2. ‘I am a man, therefore I have a right—

(1) To an acre of land as my own.

(2) To demand that there shall be no such thing as private property to defraud and injure me.'

Examine these claims. Is there any foundation for

them?

3. The State is always a part-owner of land, a partner with the proprietor.' What reasons are given for this popular assertion? Estimate their value.

4. The workmen in a mine strike because the owner refuses to dismiss a non-unionist miner. How far are they justified by their own interests and those of the country generally ?

5. The owner then shuts up the mine altogether. How far has he a right thus to close one of the sources of England's wealth?

6. Trace the effects of competition and the good it effects for the working classes and for consumers.

7. Give and explain the two meanings of the word Value, as expressing—

(1) That which constitutes the essence and the strength of the demand for commodities.

(2) The sense usually given to the word in Political Economy.

[Turn over.

8. France puts protective duties on English cotton; upon which English cotton-spinners in the name of reciprocity demand a similar duty upon French silks. What good will such reciprocity do for them or for England? Explain what reciprocity really means and does.

9. Explain the nature of co-operative stores, their economical effects and their probable action in the future on shopkeepers and other middle-men.

10. Does Mr. Fawcett make a complete statement when he says that wages depend upon the ratio between capital and population? Will wages be always the same when the quantity of capital and the number of the population are in the same proportion?

[T. T. 1879.]

SECOND PUBLIC EXAMINATION.

Pass School. Group B.

Political Economy. II.

1. What is the general over-production described by Mr. Fawcett? How far and under what conditions is over-production ever possible?

2. A quantity of gold in ingots is exchanged at the Bank for an equal quantity of gold in coin-coined at the rate of £3 178. 9d. an ounce. It is asserted that by this the Mint gives value to the gold coin. What is really the value of a sovereign and how is this value measured?

3. Political Economy, we are told, is the Science of Value. Yet there are often various prices for the same goods in the same town, and feeling, taste, and fashion often regulate the value put upon commodities. Is then a Science of Value possible?

4. State Mr. Fawcett's definition of Socialism, and his objection to the theory. Is Socialism to be found in English Law? What checks have been imposed upon it, and how far are they effectual?

5. What is fixed capital? Give instances of it. What is the effect of its excessive creation upon the wealth of the nation?

6. Since trade is always an exchange of goods of equal value, how do you explain the fact that the imports into England are regularly greater than the exports?

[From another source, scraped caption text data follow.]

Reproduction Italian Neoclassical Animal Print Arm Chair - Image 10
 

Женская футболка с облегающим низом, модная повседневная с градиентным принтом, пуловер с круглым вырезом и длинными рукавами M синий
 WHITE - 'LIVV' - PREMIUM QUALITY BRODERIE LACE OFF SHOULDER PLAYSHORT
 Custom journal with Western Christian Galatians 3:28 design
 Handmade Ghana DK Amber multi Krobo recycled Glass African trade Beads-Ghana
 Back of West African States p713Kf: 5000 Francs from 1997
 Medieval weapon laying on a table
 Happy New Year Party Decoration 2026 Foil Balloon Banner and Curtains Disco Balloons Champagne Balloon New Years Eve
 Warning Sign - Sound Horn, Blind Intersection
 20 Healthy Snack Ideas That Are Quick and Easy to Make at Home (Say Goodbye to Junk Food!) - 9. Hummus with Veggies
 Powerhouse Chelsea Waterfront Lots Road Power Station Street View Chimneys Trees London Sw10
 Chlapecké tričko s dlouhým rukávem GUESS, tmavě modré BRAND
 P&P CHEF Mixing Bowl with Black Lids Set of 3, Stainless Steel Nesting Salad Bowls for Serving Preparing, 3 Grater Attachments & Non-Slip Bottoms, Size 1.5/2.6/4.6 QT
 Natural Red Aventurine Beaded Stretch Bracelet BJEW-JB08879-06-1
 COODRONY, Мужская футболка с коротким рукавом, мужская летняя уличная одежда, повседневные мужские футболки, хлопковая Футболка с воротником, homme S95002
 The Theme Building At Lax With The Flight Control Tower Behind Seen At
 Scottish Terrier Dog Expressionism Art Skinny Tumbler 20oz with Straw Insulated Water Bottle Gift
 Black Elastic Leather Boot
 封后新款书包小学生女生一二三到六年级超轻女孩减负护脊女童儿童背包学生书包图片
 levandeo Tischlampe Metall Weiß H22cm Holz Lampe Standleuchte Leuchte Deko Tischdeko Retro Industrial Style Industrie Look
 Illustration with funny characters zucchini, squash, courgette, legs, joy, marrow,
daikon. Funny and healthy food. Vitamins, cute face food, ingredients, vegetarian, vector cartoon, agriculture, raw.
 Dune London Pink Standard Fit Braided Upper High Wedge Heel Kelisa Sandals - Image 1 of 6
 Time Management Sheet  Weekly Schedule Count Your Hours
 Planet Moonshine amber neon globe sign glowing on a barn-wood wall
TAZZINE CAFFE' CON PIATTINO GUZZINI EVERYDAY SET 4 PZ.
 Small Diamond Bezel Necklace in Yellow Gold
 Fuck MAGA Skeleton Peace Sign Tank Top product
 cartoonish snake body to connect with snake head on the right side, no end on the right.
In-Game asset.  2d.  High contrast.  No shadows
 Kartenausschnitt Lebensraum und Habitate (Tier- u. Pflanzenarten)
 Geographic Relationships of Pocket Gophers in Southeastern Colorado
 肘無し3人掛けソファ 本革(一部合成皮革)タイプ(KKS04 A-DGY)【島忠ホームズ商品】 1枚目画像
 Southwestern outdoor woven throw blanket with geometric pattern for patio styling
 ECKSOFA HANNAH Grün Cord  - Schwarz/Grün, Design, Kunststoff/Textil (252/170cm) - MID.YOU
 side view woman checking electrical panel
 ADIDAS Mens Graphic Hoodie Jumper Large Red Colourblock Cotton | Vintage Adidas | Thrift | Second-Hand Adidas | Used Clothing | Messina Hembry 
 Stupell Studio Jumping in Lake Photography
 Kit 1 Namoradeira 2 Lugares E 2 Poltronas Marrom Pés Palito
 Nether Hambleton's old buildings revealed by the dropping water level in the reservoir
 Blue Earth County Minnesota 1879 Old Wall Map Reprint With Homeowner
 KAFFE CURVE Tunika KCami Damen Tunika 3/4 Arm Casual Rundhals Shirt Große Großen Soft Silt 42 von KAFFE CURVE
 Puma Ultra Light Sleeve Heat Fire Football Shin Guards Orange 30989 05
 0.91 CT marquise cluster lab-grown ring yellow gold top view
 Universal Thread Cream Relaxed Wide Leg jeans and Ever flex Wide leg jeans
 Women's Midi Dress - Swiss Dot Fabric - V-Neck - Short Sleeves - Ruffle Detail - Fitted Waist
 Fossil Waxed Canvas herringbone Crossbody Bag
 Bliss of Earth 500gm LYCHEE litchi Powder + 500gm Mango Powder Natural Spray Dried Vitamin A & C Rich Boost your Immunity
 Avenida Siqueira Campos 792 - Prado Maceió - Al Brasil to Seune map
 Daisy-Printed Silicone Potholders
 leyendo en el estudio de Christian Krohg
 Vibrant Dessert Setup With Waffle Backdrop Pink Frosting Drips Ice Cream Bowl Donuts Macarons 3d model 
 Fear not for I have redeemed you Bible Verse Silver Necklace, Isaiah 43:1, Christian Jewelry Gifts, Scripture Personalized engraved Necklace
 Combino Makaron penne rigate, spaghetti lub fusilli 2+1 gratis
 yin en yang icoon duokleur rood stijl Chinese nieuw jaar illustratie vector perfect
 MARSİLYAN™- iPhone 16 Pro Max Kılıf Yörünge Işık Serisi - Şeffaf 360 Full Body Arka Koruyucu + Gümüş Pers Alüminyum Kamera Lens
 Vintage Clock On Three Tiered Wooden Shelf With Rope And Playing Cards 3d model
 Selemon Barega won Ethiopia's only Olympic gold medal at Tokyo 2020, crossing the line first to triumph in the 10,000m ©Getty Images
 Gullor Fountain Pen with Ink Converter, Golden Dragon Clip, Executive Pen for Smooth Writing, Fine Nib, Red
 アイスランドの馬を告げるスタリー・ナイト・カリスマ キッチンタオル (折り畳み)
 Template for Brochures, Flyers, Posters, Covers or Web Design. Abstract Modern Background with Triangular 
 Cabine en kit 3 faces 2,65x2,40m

7. How much money does England require? If more comes in what becomes of it, and does it do any good to England?

[Turn over.

8. Why does Free Trade ask no questions as to where goods have been made? Can it be right to make no difference between our own countrymen and foreign rivals? Must not England suffer by buying abroad and allowing some of her manufactures to be ruined, and some of her workmen to be thrown out of work?

9. Are the following wealth in Political Economy ?— (1) Climate.

(2) A tidal Thames at London.

(3) A strong and active population.

(4) Mental qualities of the people.

(5) Good natural harbours.

10. Who decides at last whether the wages demanded by the workmen shall be given them or not? Is it the employer? In what form is the decision announced? Show the bearing of this fact upon strikes and the principle which animates them.